Dissertação
Parâmetros antropométricos e sua associação com função endotelial e parâmetros de rigidez arterial de indivíduos saudáveis eutróficos e com sobrepeso
Fecha
2020-01-24Autor
Ferigollo , Ariélen
Institución
Resumen
Vascular endothelial dysfunction and arterial stiffness caused by several risk factors, such as
excess body weight, may directly contribute to the occurrence of cardiovascular events. Among
the methods that can be used to evaluate body adiposity is anthropometry. It is noteworthy that
it is not yet clear which anthropometric measurements and indices best correlate with
endothelial function and arterial stiffness. The present study aims to investigate the association
between anthropometric parameters, endothelial function and arterial stiffness in normal-weight
and overweight adult individuals. A cross-sectional study was conducted with individuals of
both sexes, with body mass index (BMI) between 18.5 kg / m² and <30 kg / m², aged between
25 and 59 years and with low to intermediate cardiovascular risk. Data collection took place
between February and July 2019 at the Heart Institute of Santa Maria / RS. Sociodemographic
data (gender, age, marital status, profession, self-reported race and education) were collected
through a structured questionnaire. The anthropometric variables evaluated were: body weight,
height, waist circumference (WC), neck (NC), hip circumference (HC) and sagittal abdominal
diameter (SAD). After these evaluations, BMI, waist-to-hip ratio (WHR) and waist-to-height
ratio (WHtR) were calculated. Laboratory tests included lipid profile and nitric oxide dosage.

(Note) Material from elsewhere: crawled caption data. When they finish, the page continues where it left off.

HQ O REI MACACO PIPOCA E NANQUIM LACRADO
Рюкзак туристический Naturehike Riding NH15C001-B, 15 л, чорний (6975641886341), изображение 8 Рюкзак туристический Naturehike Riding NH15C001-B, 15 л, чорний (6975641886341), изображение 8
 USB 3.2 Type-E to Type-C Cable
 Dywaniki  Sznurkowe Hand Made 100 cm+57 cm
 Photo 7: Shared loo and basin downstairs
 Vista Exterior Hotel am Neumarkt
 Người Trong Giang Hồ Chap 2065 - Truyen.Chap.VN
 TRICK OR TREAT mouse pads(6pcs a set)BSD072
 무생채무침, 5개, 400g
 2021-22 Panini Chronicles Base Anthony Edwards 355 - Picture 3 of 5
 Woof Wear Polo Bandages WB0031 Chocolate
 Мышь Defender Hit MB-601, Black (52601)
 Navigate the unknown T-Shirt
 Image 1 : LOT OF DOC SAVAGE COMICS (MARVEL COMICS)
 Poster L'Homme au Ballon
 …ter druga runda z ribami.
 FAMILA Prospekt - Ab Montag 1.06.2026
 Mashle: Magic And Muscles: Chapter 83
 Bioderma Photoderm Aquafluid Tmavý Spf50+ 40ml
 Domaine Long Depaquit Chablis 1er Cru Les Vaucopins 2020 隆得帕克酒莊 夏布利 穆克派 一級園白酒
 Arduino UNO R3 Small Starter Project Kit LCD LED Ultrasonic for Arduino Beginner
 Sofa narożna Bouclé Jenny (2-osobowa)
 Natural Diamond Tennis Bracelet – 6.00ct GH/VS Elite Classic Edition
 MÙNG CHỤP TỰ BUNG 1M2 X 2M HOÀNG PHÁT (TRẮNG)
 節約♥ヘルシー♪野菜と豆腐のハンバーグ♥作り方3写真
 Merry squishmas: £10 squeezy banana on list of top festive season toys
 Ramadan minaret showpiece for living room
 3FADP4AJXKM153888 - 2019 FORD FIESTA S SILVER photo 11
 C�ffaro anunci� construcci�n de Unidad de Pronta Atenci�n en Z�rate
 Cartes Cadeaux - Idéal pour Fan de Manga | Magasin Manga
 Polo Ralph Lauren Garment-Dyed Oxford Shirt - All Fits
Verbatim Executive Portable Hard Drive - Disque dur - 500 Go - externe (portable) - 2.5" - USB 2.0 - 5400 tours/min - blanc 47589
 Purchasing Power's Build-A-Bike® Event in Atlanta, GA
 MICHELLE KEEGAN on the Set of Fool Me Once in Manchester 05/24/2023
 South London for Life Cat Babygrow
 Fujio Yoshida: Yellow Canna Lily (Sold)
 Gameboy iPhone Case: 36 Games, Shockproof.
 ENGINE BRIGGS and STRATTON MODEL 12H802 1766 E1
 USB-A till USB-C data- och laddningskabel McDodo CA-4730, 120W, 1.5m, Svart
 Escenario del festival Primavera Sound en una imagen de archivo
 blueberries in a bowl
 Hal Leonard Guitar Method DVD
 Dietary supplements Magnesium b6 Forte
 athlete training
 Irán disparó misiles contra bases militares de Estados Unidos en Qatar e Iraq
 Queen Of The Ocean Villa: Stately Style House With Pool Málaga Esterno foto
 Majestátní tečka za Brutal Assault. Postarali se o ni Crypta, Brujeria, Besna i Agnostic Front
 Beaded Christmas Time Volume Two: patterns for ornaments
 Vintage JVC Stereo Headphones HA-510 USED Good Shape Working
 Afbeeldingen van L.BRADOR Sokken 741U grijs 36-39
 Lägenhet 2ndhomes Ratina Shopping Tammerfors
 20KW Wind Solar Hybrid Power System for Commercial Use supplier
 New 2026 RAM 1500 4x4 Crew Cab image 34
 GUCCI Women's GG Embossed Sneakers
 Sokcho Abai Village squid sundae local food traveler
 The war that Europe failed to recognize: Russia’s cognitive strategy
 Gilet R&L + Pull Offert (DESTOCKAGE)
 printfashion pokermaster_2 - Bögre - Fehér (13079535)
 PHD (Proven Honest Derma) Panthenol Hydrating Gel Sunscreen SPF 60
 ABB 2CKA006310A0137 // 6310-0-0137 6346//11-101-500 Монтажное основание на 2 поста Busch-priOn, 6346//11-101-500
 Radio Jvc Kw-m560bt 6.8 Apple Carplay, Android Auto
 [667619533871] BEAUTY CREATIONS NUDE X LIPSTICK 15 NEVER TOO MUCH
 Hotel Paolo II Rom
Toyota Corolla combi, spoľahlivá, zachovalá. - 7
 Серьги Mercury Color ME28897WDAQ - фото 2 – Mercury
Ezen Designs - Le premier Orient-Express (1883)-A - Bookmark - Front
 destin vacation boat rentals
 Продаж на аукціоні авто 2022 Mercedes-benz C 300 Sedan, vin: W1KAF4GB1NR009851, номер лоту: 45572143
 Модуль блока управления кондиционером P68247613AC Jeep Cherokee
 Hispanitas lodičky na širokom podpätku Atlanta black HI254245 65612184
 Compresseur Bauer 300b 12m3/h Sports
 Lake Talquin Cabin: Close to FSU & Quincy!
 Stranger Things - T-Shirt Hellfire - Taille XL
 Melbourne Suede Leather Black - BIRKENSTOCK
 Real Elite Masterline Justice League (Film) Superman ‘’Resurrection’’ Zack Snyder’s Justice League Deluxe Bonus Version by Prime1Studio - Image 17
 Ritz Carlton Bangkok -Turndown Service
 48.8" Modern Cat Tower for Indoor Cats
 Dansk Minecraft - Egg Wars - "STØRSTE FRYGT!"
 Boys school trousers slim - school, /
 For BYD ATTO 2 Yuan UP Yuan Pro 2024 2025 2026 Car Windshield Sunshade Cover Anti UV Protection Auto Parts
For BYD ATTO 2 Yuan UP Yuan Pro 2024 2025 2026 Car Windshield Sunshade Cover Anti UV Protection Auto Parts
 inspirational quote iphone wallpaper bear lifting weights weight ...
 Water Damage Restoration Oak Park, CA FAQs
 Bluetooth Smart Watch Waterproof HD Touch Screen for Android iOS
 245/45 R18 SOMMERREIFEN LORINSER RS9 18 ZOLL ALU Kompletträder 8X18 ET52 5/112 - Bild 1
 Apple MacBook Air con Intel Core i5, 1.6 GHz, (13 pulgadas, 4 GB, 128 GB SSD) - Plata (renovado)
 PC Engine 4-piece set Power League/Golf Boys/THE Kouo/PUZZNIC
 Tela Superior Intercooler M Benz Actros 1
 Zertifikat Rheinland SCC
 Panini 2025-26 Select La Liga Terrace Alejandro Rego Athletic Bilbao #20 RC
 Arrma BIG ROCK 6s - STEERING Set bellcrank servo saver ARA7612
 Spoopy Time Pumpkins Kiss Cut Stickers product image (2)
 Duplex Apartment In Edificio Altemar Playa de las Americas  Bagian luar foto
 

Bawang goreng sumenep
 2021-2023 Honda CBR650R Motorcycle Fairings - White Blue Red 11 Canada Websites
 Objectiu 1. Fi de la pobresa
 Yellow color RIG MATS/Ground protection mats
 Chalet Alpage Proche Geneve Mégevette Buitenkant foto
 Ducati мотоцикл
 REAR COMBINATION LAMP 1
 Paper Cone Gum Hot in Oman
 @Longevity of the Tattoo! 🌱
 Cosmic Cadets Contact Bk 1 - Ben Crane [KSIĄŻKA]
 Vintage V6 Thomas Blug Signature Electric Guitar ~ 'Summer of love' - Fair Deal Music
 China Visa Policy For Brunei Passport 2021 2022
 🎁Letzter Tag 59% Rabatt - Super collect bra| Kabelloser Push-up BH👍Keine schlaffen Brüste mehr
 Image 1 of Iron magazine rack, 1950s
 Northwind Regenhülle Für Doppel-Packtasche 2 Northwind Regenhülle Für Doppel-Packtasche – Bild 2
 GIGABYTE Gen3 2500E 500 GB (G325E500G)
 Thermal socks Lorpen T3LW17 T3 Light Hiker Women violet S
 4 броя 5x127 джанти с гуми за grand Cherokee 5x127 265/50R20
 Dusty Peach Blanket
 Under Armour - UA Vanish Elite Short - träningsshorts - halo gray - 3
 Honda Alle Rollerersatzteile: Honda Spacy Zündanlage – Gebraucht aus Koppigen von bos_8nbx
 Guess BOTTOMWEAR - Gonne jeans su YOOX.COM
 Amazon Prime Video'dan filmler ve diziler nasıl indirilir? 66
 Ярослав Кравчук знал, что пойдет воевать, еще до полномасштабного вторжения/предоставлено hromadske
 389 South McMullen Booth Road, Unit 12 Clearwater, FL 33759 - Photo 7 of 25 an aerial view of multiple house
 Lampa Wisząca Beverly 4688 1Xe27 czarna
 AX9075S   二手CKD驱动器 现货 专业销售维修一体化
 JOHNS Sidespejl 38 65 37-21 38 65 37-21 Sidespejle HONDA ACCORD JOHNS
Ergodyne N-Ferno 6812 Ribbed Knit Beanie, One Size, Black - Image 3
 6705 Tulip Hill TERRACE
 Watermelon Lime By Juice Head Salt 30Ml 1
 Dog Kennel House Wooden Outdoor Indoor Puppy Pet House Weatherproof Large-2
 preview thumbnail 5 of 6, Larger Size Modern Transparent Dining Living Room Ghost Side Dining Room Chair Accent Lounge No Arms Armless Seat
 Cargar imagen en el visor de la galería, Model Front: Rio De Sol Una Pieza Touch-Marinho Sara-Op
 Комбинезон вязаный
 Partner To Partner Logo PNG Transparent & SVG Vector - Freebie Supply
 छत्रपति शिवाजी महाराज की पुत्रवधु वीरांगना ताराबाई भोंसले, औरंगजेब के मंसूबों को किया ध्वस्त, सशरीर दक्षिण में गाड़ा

Endothelial function was measured using the flow-mediated dilatation technique (FMD) by
ultrasound and arterial stiffness (pulse wave velocity –PWV and augmentation index - AIx@75)
using the oscillometric method. Thirty-six individuals were evaluated, 18 eutrophic and 18
overweight, with a mean age of 37.5 ± 10.2 years, mostly with low cardiovascular risk (86.1%),
female (80.6%), single (52.8%), employees with a formal contract (44.4%) and with more than
twelve years of schooling (88.9%). All anthropometric parameters were significantly higher in
overweight individuals when compared to normal weight subjects, except for the waist-hip ratio
(p=0.200). Regarding the laboratory tests evaluated, only LDL was higher in the overweight
group (P=0.047). There was no statistical difference between the groups regarding PWV
(P=0.070), AIx@75 (P=0.845) and % FDM (P=0.348). PWV showed a moderate correlation
with WC (r=0.584, P=0.000), WHR (r=0.513, P=0.001) and WHtR (r =0.590, P=0.000), and
low with NC (r=0.372, P=0.013) and SAD (r = 0.356, P = 0.033). Moreover, no anthropometric
parameter correlated with Alx @ 75 and %FMD in the total sample. When analyzed by groups,
we found that in normal-weight subjects, body weight (r =-0.622, P=0.006), WC (r=-0.630,
P=0.005) and SAD (r=-0.488, P=0.040) were inversely associated with AIx@75, and weight
(r=-0.488, P=0.045) inversely with %FMD. In overweight individuals, there was a positive,
moderate correlation of WC (r=0.533, P=0.022), WHR (r=0.593, P=0.009) and WHtR (r=0.470,
P=0.049) with PWV. Thus, this study confirms the importance of using simple anthropometric
measurements in clinical practice, as another tool to identify individuals at cardiovascular risk.